Album Review: Elvis Costello and The Roots, 'Wise Up Ghost '

by David Safar

Album art for 'Wise Up Ghost' inspired by Allen Ginsberg's infamous poem book 'Howl.'
Album art for 'Wise Up Ghost' inspired by Allen Ginsberg's infamous poem book 'Howl.' (Blue Note Records)

 
The most dynamic musical collaboration of the year comes from one of the UK's greatest rock icons and America's most recognized live hip hop act. Elvis Costello and The Roots make an unusual pairing both in theory and practice. Costello's voice being synonymous with Britain's new wave and The Roots neo-soul backdrop create 12 songs steeped in the musical tradition of jazz, funk and soul. Appropriately released on Blue Note Records, Wise Up Ghost feels like a live album recorded in moments of improvisations between ?uestlove, Costello and producer Steven Mandel (longtime collaborating producer for The Roots).

Like any great jazz recording, the best parts of the music are found in between the notes and the juxtaposition of musical styles throughout the album. Wise Up Ghost is best consumed as a full body of work rather than single songs. It's disorienting in a music world focused on singles and playlists. The empty spaces keep the album swinging through the awkward pairing of Costello's faux rap riffs and The Roots' funk orchestrations. Uncomfortable lyrical moments on songs like "Stick Out Your Tongue" and "Sugar Won't Work" stand out if you skip the hard grooves of "Walk Us Uptown" (the "single") and "Refused to Be Saved."

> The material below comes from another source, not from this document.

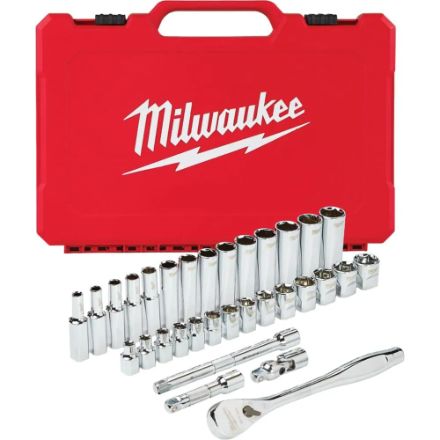 48-22-9508 3/8" DRIVE MET SOCKET SET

On first listen, you won't notice the wonderful rawness in the performances and production. The more you listen to the seemingly cluttered production on "Come The Meantimes," you appreciate the character of each instrument and Costello's vocal takes. The subtle moments on songs like "Tripwire" and "If I Could Believe" bleed through the speakers, creating a sensation that The Roots might be playing in your living room, and Elvis Costello is delivering lines directly from the his brain to the microphone.

If you don't find yourself appreciating the songs on Wise Up Ghost, the collaboration itself is worth exploring. It's unlike any other album that will be released this year. The pairing of one of rock's best songwriters and lyricists with hip hop's best live band is worth a spot in your album collection.